DoJ: Federal agencies must honor ACORN contracts
posted at 11:10 am on November 28, 2009 by Ed Morrissey
No one doubts that Congress has the power of the pursestrings, and can choose to fund or not fund projects as it sees fit — within the Constitution, of course. But does Congress have the power to break contracts? The Department of Justice says no and that any contractual obligations between federal agencies and ACORN have to be met, regardless of Congress’ attempt to defund the controversial group:
The Justice Department has concluded that the Obama administration can lawfully pay the community group Acorn for services provided under contracts signed before Congress banned the government from providing money to the group.
The department’s conclusion, laid out in a recently disclosed five-page memorandum from David Barron, the acting assistant attorney general for the Office of Legal Counsel, adds a new wrinkle to a sharp political debate over the antipoverty group’s activities and recent efforts to distance the government from it. …
A Housing and Urban Development Department lawyer asked the Justice Department whether the new law meant that pre-existing contracts with Acorn should be broken. And in a memorandum signed Oct. 23 and posted online this week, Mr. Barron said the government should continue to make payments to Acorn as required by such contracts.
The new law “should not be read as directing or authorizing HUD to breach a pre-existing binding contractual obligation to make payments to Acorn or its affiliates, subsidiaries or allied organizations where doing so would give rise to contractual liability,” Mr. Barron wrote.

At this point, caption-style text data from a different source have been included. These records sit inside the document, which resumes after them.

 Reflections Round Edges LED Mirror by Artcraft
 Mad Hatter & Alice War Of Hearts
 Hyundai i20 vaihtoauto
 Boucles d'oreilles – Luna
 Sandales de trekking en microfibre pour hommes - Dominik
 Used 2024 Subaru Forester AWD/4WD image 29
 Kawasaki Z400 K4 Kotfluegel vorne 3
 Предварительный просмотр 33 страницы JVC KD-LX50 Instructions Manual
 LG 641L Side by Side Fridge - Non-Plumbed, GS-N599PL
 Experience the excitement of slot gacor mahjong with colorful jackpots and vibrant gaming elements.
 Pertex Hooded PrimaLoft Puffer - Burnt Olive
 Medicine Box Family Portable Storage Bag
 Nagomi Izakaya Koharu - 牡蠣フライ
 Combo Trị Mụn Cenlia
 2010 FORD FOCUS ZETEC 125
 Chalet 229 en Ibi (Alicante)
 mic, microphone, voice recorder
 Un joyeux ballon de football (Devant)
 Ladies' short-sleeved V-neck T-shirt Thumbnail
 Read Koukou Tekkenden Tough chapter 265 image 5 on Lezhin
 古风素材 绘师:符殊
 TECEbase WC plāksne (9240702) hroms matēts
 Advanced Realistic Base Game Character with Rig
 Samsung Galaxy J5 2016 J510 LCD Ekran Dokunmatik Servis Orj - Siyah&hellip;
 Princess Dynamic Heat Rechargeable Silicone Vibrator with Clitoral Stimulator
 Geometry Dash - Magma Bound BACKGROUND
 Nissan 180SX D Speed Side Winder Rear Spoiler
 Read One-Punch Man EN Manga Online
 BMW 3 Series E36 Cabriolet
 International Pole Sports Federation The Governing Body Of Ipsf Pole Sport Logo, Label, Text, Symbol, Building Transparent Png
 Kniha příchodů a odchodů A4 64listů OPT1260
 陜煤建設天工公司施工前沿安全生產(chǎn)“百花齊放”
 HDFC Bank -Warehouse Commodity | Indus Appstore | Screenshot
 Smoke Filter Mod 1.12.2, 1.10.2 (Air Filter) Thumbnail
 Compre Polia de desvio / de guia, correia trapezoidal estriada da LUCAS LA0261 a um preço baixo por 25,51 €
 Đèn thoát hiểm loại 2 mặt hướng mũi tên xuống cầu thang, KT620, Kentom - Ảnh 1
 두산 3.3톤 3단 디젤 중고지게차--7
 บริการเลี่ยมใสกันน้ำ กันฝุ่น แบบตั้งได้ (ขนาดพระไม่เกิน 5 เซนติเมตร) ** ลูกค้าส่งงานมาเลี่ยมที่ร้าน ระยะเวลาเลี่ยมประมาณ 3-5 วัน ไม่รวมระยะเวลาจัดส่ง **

This is an interesting question, and the DoJ may not be wrong here. On those relationships between ACORN and the government that are based on contracts, both parties have an obligation to meet the terms of the contracts. Congress cannot arbitrarily abrogate existing contracts without cause; each contract would have to have been violated by ACORN in some manner to make each contract individually void. The dissipation of its political favor can certainly keep ACORN from gaining any future contracts, but the existing contracts have to be honored.
What remains to be seen is whether these relationships actually were contractual, and what the contractual terms are in each instance. Most government contracts have options to withdraw, usually within a reasonable but short period of time, with due notice. Congress’ action this autumn should have been seen as a mandate to exercise those options. If the money came from grants rather than contracts, then the termination of the relationships should be even easier.
The basic principle of law is that it binds the lawmakers as well as the governed. If we are to enforce contractual law, then the federal government has to meet the same obligations as every other citizen in its contractual relationships. Otherwise we encourage arbitrary despotism rather than the rule of law, and ACORN isn’t worth changing that basic fabric of the American system. Let’s keep up the pressure on Congress to ensure that ACORN does not get any more contracts with federal agencies. Congress certainly has that power, and can apply that now and in the future.